Connecting Across Sectors

Leaders at lean foundations (whether staff, trustees, donors, or family members) have relationships with local leaders, experts, and organizations in all sectors — civic, business, and public. Your reputation as a foundation or donor, and the fact that you have resources, gives you access to people with knowledge and insight. When you knock on people’s doors, they will most often talk to you.

Exponent Philanthropy members have reached out to and connected with city council members, mayors, legislators, journalists, authors, academic researchers, business CEOs, and more. Connecting with many people over time weaves what one catalytic leader calls connective tissue. It builds opportunities for collaboration and illuminates ways to make a big, systems-level change.  

How to Learn and Scan

The best way to learn is to get in touch with people who are knowledgeable about your issue — experts, but also people with practical, lived experience —and engage them in conversations. Invite them to coffee or breakfast, visit them, interview them, listen, and learn. Use your unique perspective across organizations and unique access to people with knowledge.

Leaders ask questions, take in lots of input and information, and create space for ideas and creativity. They engage people and invite participation. Leaders use a foundation’s power to be welcome in a lot of rooms and create a space for ideas and creativity. 

Ask questions such as these:

  • What have people tried? What has worked and not worked? Why?
  • What are the gaps and opportunities?
  • What would it take to move things forward?
  • What role can we play—as funders and as convenors, matchmakers, researchers, and advocates?
  • What resources can we bring— dollars, deep knowledge, relationships, convening power, our reputation, our voice?
  • Shall I act alone, or is there an existing coalition?
  • Which people need to come together, and under what conditions, to make the desired change?
  • Is the time ripe to act?

Moving Beyond Traditional Circles

As you engage and listen, intentionally seek out people beyond your usual, traditional circles. Bonnie Gonzalez, former CEO of Knapp Community Care Foundation in Texas, shares these tips:

  • Create trust and credibility with informal community leaders by getting out and visiting with those not spoken to. Look to the periphery.
  • Actively listen to those around you. Make eye contact and engage in listening to difficult discussions.
  • Visit and participate in meetings that are not the ones most people would attend.
  • Ask the hard questions and ask for input—even when you know you will not like the answers!

Commissioning Research

Foundations work with many different people and organizations, so they can gather data and make sense of patterns. Some leaders commission research about a problem or issue to inform their giving—something foundations have the freedom and capacity to do. Leanly-staffed foundations have funded studies of community needs, demographic trends, and other evaluations to pinpoint where they can make a difference. Some lean foundations fund research at the request of their grantee partners, to win public and private funding or do advocacy work; often this research is to document a need or measure the effectiveness of a new approach.

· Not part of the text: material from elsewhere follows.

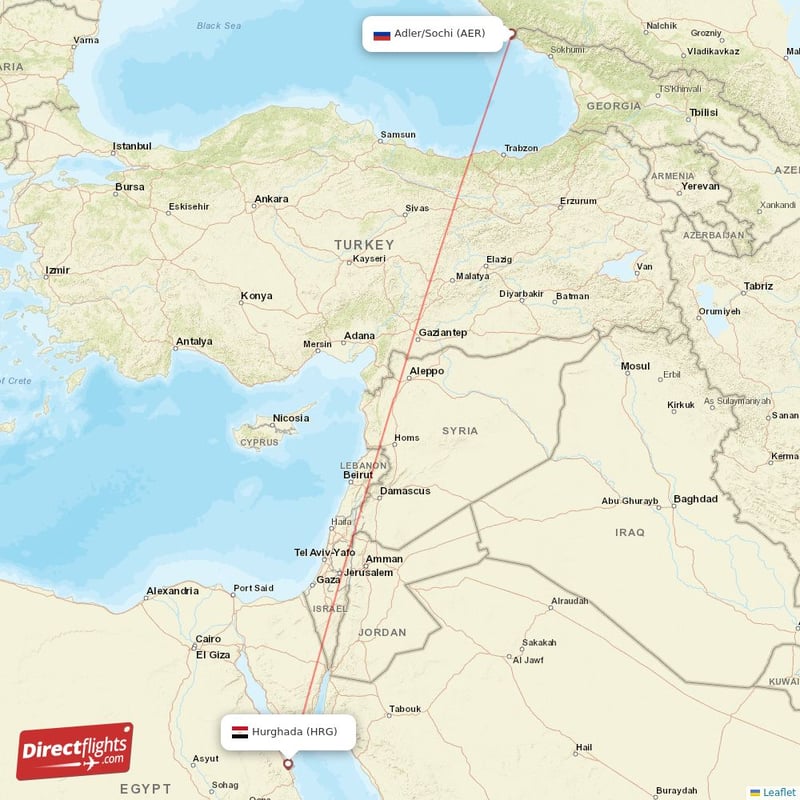 AER - HRG route map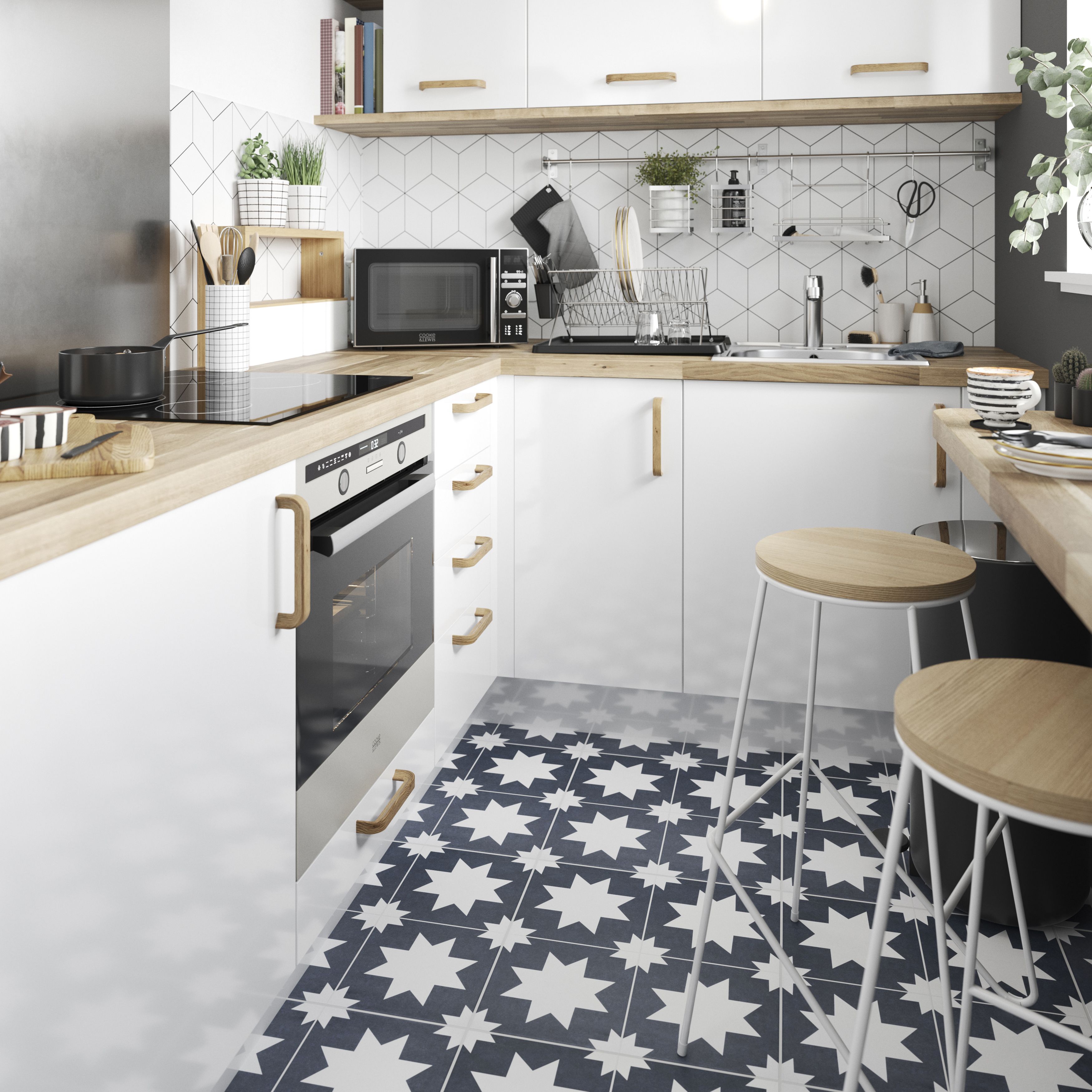 House of Mosaics Rigel Blue Matt Patterned Porcelain Wall & floor Tile Sample - 3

Make Outreach and Engagement an Ongoing Practice

It takes time to develop an understanding of a system; where it breaks down; or what new, promising solutions might be emerging. Also, if you engage grantees and community members over time and demonstrate an authentic desire to listen and learn, people will more likely be honest with you. And they’re more likely to share needs, gaps, and creative solutions that will never appear in formal grant applications.

By making connections to become knowledgeable about your chosen issue, you will also signal to nonprofits, government agencies, business leaders, and other stakeholders that you are serious about catalyzing change and that you value people’s knowledge and experience. By listening and becoming an expert, you will earn trust, and trust will help you develop the relationships essential to success.